**Exercise**
Look through the listing below and work out how many of its lines hold the word "Artificial". Give only the number.

**Data records**
━━━━━━━━━━
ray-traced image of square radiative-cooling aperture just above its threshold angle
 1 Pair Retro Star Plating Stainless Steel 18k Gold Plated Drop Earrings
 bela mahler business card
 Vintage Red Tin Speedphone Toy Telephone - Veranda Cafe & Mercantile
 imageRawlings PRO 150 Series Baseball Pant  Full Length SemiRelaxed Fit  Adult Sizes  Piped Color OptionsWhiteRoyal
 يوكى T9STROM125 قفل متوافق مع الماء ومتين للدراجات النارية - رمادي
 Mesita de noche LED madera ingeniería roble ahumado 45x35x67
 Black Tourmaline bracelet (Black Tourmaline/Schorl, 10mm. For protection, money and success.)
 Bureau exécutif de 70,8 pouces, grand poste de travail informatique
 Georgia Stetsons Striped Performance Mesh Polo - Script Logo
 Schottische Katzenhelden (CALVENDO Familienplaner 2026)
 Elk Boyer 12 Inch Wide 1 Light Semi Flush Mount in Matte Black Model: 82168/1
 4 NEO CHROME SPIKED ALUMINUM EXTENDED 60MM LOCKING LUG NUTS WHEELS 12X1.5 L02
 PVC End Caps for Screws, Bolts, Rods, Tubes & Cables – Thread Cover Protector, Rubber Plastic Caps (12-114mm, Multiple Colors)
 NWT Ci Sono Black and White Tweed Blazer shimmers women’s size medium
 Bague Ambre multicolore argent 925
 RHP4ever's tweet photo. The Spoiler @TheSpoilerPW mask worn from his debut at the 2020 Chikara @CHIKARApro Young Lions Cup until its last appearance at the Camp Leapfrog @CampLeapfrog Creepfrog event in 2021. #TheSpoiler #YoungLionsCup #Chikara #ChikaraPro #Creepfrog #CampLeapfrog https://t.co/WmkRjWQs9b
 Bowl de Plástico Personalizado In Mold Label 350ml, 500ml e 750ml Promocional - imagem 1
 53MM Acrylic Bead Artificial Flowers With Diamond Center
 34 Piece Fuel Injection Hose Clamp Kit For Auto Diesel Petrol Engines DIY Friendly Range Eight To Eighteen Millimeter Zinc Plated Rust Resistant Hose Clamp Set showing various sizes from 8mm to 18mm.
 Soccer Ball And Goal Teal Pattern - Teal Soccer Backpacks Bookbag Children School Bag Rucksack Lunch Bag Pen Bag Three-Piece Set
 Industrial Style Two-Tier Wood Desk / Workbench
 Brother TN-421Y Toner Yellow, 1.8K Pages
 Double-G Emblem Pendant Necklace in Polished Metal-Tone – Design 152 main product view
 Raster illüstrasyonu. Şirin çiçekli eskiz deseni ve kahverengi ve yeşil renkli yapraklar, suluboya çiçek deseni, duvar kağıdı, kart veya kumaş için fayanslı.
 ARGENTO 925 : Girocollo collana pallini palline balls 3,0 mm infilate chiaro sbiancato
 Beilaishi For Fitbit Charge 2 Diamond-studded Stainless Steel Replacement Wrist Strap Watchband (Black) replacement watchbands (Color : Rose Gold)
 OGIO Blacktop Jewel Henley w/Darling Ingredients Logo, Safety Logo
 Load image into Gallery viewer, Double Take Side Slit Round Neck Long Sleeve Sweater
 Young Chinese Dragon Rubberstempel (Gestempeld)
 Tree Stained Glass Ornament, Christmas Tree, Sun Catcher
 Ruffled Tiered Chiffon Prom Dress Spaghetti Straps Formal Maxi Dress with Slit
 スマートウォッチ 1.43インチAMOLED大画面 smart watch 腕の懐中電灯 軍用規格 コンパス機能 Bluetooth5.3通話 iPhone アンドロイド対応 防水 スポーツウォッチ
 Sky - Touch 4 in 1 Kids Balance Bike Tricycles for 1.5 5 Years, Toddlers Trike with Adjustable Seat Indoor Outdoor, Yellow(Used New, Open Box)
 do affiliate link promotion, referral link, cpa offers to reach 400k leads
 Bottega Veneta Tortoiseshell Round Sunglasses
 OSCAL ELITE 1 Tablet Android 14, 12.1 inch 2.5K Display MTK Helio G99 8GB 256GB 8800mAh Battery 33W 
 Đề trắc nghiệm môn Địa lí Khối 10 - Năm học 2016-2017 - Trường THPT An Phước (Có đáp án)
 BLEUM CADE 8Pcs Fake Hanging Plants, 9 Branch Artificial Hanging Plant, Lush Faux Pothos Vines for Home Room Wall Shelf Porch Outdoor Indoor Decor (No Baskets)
━━━━━━━━━━
**Solution to this exercise**
2